The letter was reportedly written in June 2013 and marks Trump’s first known attempt at personal outreach to Putin. It’s not clear whether the letter was ever sent to Putin, and if so, whether Putin responded.
The letter has been turned over to investigators probing Russia’s interference in the 2016 election and whether members of the Trump campaign colluded with Moscow to tilt the race in his favour. The special counsel Robert Mueller’s team is particularly focused on Trump’s interest in having Putin attend the event, the report said.
Trump included a handwritten postscript at the bottom the typed letter, The Post reported, saying that he looked forward to seeing “beautiful” women during his trip.
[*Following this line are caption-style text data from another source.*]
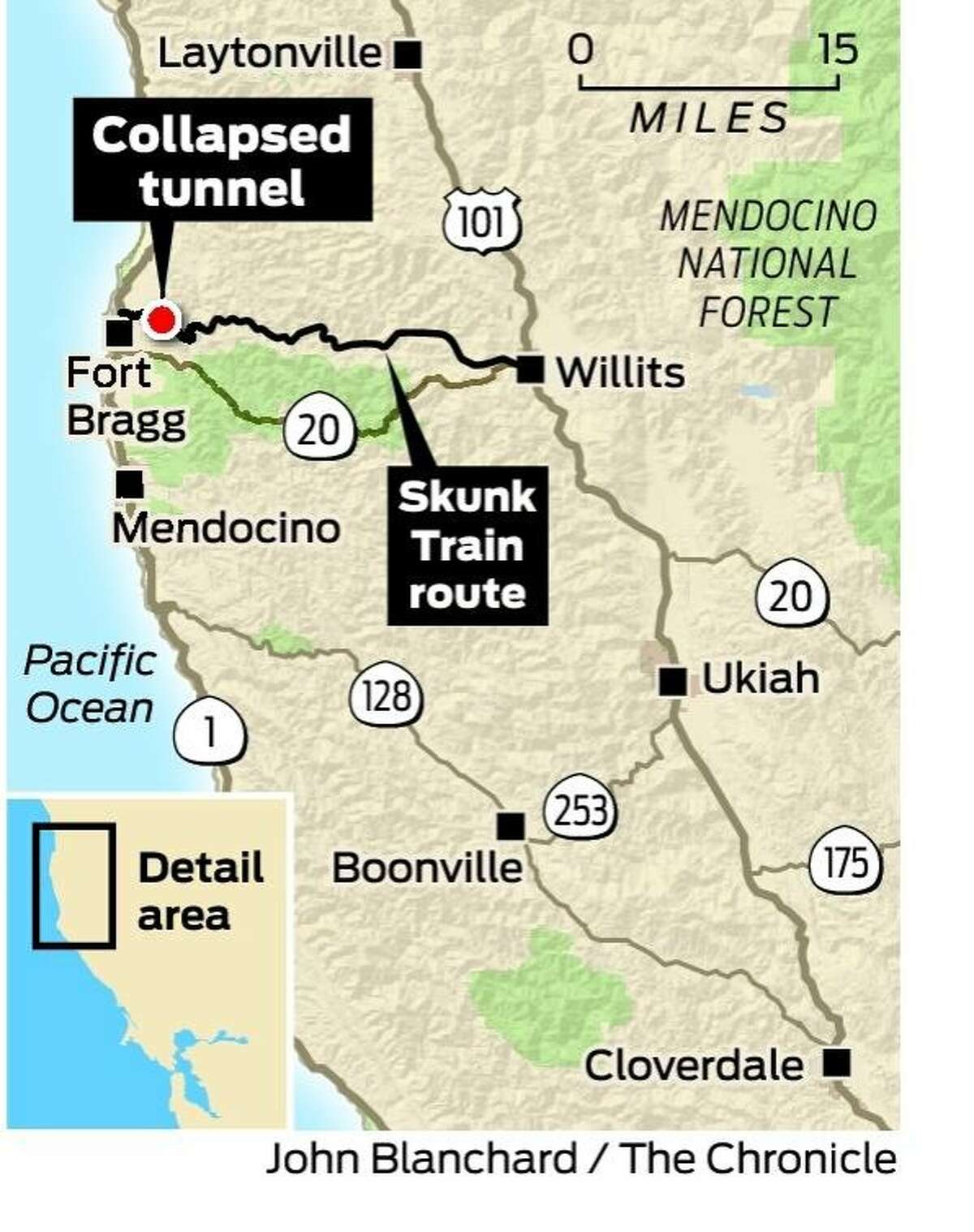 Skunk Train stranded by tunnel collapse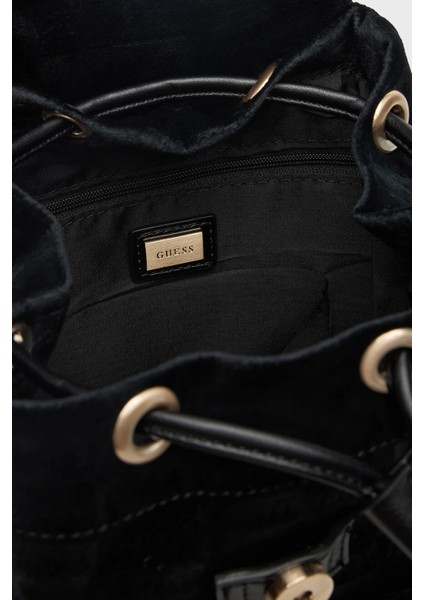 Velvet Logolu Omuz Askılı Sırt Çantası V5BZ11WF800 Bayan Çanta V5BZ11 WF800 Jblk indirimleri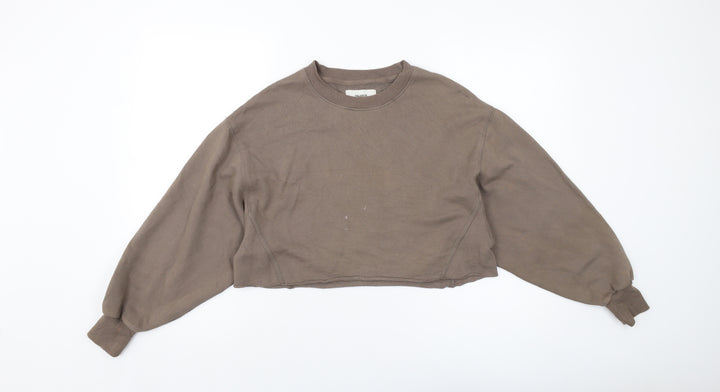 Pull&Bear Womens Brown Polyester Pullover Sweatshirt Size S Pullover
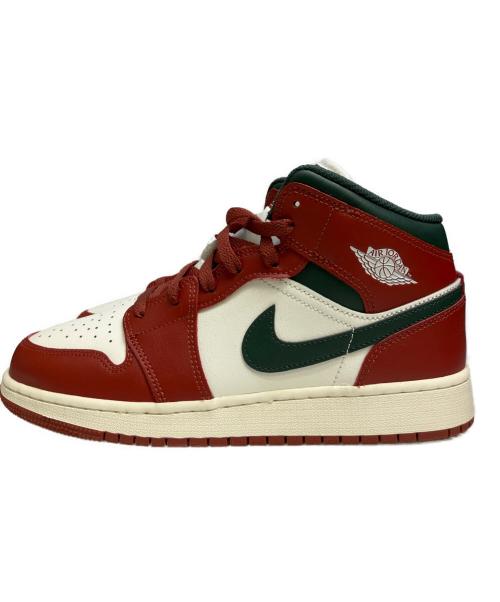 NIKE（ナイキ）NIKE (ナイキ) AIR JORDAN 1 MID レッド×ホワイト サイズ:24.5cm 未使用品の古着・服飾アイテム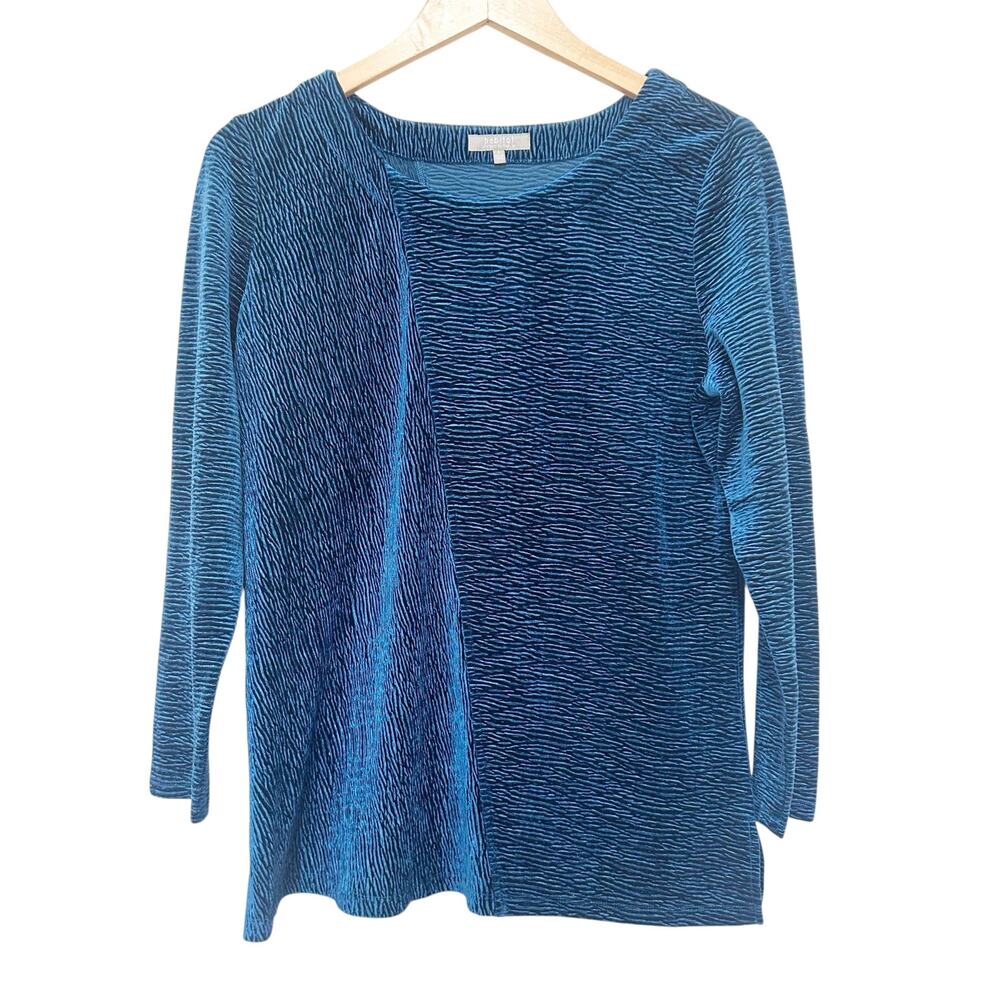 Habitat Blue Textured Velour Shirt Sz S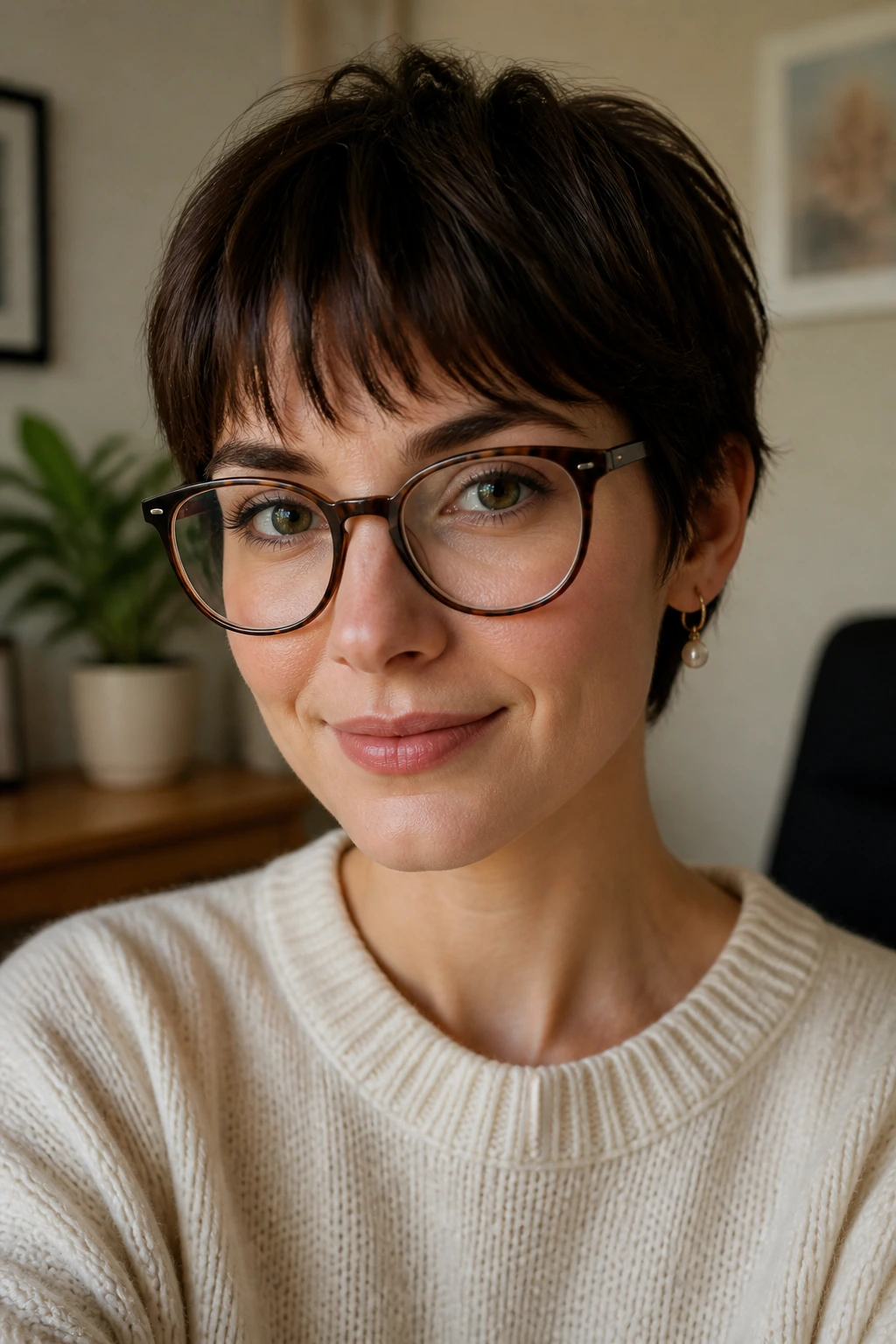Real person wearing glasses with soft brow-skimming fringe above the brows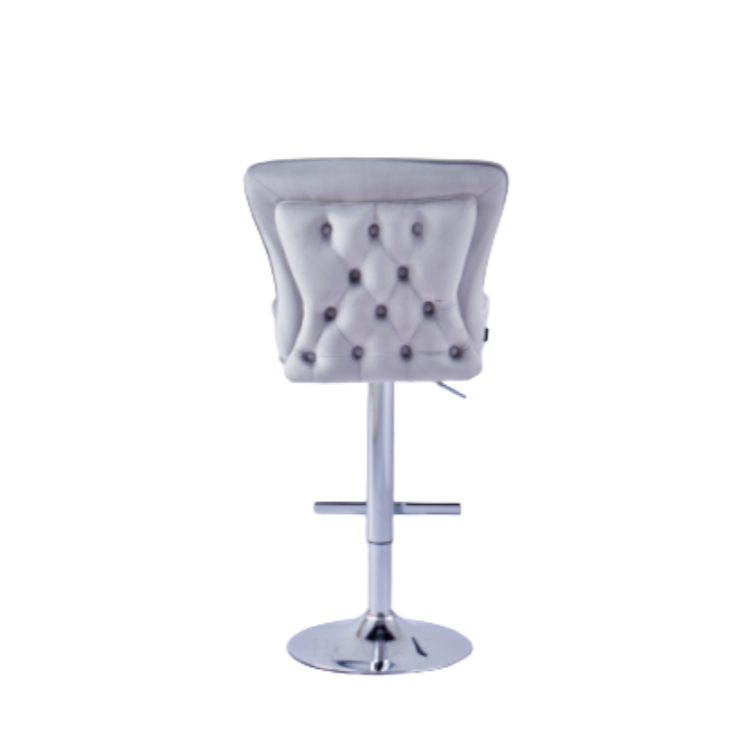 Tabouret de bar Gabrielle Argent velours gris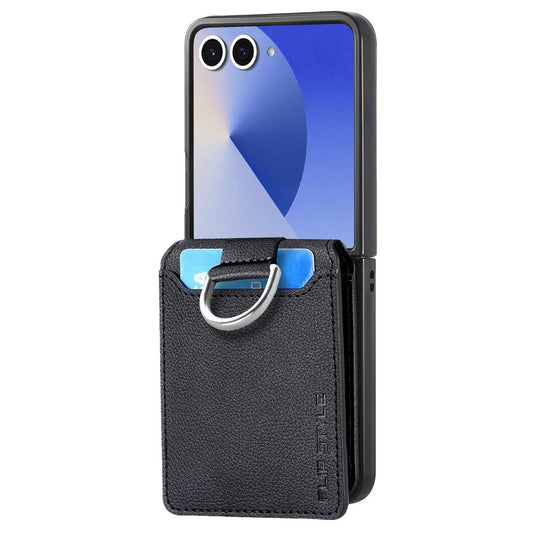 Galaxy Z Flip7 5G – Handyhülle aus PC und PU-Leder, mit Ständer, mit Kartenfach, mit Ringhalter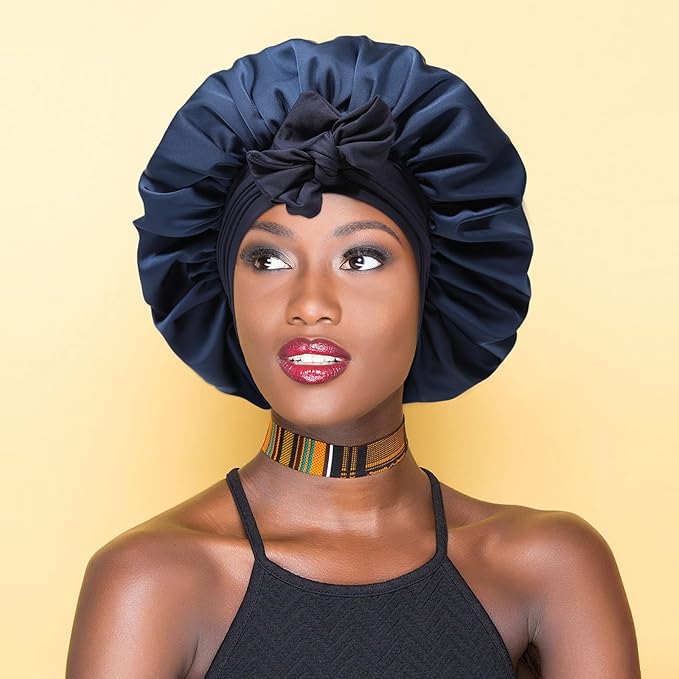 Reversible Satin Bonnet for Women with 3PCS Hair Scrunchies Tie Band Hat for Sleep Large 2 Layered Silk Nightcap (Reversible (Navy/Lake Blue))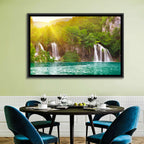 Plitvice Cascades at Sunrise Wall Art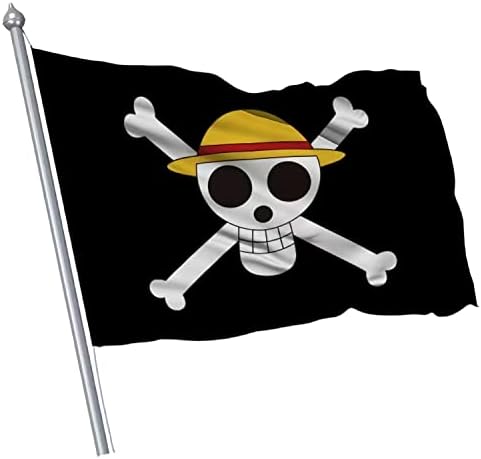 3 x 5ft Luffy's Smamw Hat Pirate Flag, 150cm x 90cm op gusarski anime jolly roger gusar s slamnastom šeširom zastavom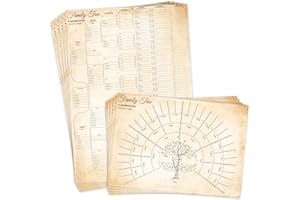 Templatables Family Tree Charts to Fill In – A3 Ancestry Posters (6 & 8 Generations) – 10 Pack Double-Sided Genealogy Charts – Thick Quality Paper, Folded to A4 – Trace & Share Your Family History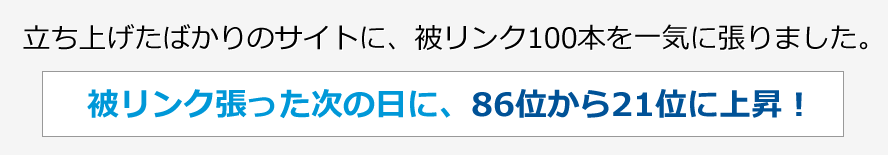 立ち上げたばかりのサイトに、被リンク100本を一気に張りました。被リンク張った次の日に、86位から22位に上昇！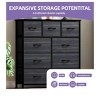 Fabric Dresser  with 9 Drawers ,Storage Organizer Unit for Living Room, Hallway ,Sturdy Steel Frame, Wooden Top - 2 of 4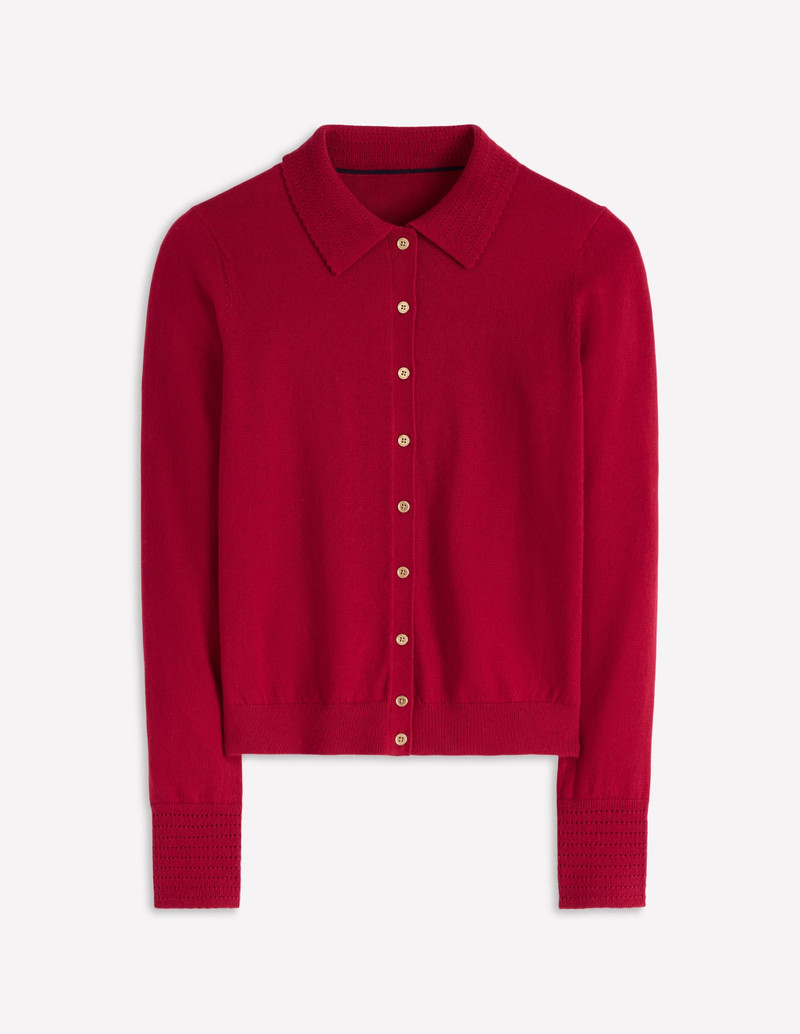 Briony Stitch Cardigan-Crimson Red 7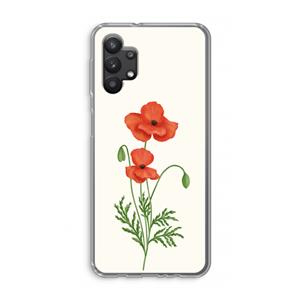 CaseCompany Red poppy: Samsung Galaxy A32 5G Transparant Hoesje
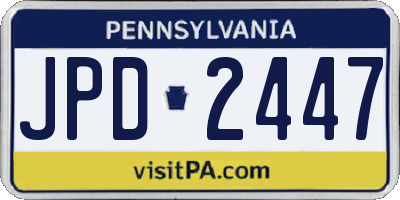 PA license plate JPD2447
That month, Trump met with the Azerbaijani developer and Crocus Group owner Aras Agalarov and his son, the pop star Emin, according to reporters Michael Isikoff’s and David Corn’s new book, “Russian Roulette: Inside Putin’s War on America and the Election of Donald Trump.” Agalarov, known as “Putin’s Builder,” signed a contract with Trump during the Miss USA pageant in Las Vegas to bring the Miss Universe pageant to Moscow that November.
Later that night, Trump had dinner with the Agalarovs and a few others. Michael Cohen, Trump’s longtime lawyer, and Ike Kaveladze, the US-based vice president of Crocus Group, also joined.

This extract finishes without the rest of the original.